Crusher was getting irritated.
‘What’s the matter with her?’
‘It’s just that hill. She’s staring at that hill.’
We all stared through the car windows. Outside was a huge hill, green with pines in places and bare in others where they’d chopped them down.
‘Why would she stare at that?’ asked Crusher, mystified. ‘It’s about as exciting a scene as the test card on telly. One great big boring hill, covered in patches of boring pointy pine trees in boring straight rows, with boring zig-zag cart tracks between them.’
‘I bet that was a nice hill once,’ said Mum. ‘Before the Forestry Commission got at it, and turned it into a matchstick factory.’
‘Greee-eee-eee-eee!’ Bounce, bounce, bounce. A nice quiet ride in the country? Some hopes.
‘She’s trying to tell us something,’ I said.
‘What?’
‘I don’t know, do I? But I know she is.’
We all stared at the hill. Suddenly Mum’s eyes began to glaze over.
‘It’s starting to remind me of something,’ she said.
‘What is?’
‘That hill.’
‘That hill!’ Crusher was getting really impatient now. ‘How can a boring old hill covered in spiky little Lego trees with zig-zags all over remind you of anything?’
‘I don’t know,’ Mum said. ‘But it does.’
So we all sat and stared some more. Then Crusher said:
‘Me too. It’s beginning to remind me of something.’
I shook my head. I thought they were both crazy. Unti –
‘Me too!
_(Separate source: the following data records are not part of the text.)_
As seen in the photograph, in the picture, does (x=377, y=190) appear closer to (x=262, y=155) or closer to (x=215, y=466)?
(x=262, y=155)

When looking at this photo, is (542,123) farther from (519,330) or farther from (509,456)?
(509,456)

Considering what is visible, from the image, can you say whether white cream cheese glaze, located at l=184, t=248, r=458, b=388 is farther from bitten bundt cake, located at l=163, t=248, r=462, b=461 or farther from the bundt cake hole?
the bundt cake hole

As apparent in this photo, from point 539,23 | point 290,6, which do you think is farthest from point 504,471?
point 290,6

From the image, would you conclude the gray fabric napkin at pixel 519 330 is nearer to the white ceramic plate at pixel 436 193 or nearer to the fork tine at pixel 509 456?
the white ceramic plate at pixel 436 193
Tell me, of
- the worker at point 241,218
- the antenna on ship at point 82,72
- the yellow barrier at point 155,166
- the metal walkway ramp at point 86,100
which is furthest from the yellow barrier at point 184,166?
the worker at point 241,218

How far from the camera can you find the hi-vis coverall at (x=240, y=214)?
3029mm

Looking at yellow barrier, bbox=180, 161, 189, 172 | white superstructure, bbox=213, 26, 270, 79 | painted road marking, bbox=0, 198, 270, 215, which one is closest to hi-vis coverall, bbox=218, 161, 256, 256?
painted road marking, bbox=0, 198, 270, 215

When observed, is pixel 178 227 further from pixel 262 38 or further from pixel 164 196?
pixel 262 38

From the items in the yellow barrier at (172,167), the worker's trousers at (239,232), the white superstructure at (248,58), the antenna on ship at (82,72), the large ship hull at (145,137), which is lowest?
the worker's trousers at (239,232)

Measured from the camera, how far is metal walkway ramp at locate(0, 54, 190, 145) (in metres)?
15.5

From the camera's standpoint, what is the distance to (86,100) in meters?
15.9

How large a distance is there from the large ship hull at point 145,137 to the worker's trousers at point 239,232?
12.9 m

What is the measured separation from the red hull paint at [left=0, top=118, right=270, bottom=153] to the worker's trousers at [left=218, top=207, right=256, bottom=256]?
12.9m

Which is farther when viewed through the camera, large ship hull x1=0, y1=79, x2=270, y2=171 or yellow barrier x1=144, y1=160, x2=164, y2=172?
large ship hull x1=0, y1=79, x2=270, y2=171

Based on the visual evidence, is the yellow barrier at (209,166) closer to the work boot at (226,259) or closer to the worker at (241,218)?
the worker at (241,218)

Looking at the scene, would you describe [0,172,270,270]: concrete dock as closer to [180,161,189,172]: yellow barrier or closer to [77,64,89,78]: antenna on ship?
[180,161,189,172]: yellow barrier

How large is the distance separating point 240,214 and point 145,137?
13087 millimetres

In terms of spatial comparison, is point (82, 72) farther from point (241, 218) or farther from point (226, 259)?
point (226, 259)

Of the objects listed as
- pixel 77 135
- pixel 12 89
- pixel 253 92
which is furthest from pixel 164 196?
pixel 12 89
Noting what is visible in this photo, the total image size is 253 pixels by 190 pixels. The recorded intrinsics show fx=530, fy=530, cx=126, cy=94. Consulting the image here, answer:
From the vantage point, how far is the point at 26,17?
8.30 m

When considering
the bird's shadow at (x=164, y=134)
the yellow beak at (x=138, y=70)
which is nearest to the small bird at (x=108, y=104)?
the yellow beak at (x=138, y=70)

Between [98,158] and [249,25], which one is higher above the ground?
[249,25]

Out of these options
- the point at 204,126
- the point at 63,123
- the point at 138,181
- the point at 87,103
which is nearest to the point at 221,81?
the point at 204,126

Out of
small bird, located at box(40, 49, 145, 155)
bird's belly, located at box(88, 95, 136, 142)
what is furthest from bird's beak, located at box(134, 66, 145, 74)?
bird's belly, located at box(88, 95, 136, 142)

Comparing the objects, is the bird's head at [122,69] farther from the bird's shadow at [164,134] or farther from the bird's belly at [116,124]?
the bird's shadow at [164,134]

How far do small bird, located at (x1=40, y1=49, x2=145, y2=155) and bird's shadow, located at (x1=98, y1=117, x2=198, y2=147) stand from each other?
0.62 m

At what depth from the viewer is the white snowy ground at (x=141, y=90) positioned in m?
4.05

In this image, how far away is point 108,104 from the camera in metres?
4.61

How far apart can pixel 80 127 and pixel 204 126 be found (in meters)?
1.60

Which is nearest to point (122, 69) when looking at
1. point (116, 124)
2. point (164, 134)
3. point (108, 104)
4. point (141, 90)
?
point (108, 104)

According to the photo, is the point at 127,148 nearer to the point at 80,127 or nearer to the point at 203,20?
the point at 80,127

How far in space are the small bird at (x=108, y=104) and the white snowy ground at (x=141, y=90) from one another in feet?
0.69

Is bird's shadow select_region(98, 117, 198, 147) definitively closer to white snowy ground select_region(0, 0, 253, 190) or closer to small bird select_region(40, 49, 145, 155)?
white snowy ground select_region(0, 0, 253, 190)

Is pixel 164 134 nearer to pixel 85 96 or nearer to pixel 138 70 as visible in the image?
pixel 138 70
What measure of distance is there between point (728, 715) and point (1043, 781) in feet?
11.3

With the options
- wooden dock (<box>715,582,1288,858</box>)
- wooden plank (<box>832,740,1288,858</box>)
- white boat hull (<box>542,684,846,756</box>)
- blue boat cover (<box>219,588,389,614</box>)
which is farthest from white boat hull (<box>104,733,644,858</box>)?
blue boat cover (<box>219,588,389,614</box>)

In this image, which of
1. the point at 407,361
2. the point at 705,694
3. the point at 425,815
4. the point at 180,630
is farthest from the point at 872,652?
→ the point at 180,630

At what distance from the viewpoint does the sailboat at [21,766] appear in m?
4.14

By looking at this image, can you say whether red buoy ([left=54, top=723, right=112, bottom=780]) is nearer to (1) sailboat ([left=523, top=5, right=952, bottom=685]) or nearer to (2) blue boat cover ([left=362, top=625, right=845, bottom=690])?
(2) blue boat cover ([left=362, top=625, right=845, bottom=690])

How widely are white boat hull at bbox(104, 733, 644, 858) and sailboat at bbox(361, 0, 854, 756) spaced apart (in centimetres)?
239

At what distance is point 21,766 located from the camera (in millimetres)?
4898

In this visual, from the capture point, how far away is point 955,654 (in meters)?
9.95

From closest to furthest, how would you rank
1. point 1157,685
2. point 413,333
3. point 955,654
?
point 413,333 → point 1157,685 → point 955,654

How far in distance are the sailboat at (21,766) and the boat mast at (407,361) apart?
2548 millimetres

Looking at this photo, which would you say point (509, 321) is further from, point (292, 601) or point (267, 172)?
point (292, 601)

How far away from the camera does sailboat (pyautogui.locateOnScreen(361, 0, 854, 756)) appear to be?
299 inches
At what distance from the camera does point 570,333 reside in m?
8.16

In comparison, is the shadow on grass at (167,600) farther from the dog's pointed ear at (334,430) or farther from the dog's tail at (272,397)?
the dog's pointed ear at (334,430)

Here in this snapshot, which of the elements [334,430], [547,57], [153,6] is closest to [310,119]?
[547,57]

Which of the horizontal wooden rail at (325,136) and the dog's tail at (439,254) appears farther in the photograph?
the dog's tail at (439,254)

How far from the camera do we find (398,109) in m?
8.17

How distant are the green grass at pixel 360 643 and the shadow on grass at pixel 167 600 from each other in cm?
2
Me too! But, don’t you see?’ I shouted. ‘Don’t you see? It’s not something it reminds you of at all. It’s someone!’
‘Someone?’
‘Don’t understand.’
‘Look again!’ I said excitedly. ‘Look!’
They all looked again, except for Crummy Dummy, who hadn’t taken her eyes off the hill, or stopped screeching and bouncing, from the very first moment we drove round the corner and saw it.
The hill was round. Sort of head-shaped. The little pointy trees stuck all over it looked just like green-dyed spikes of hair on a punk’s head. The fire-breaks looked like zig-zag partings. The longer you sat and looked at the hill, the more it looked like someone, someone punk, someone with green hair and zig-zag partings.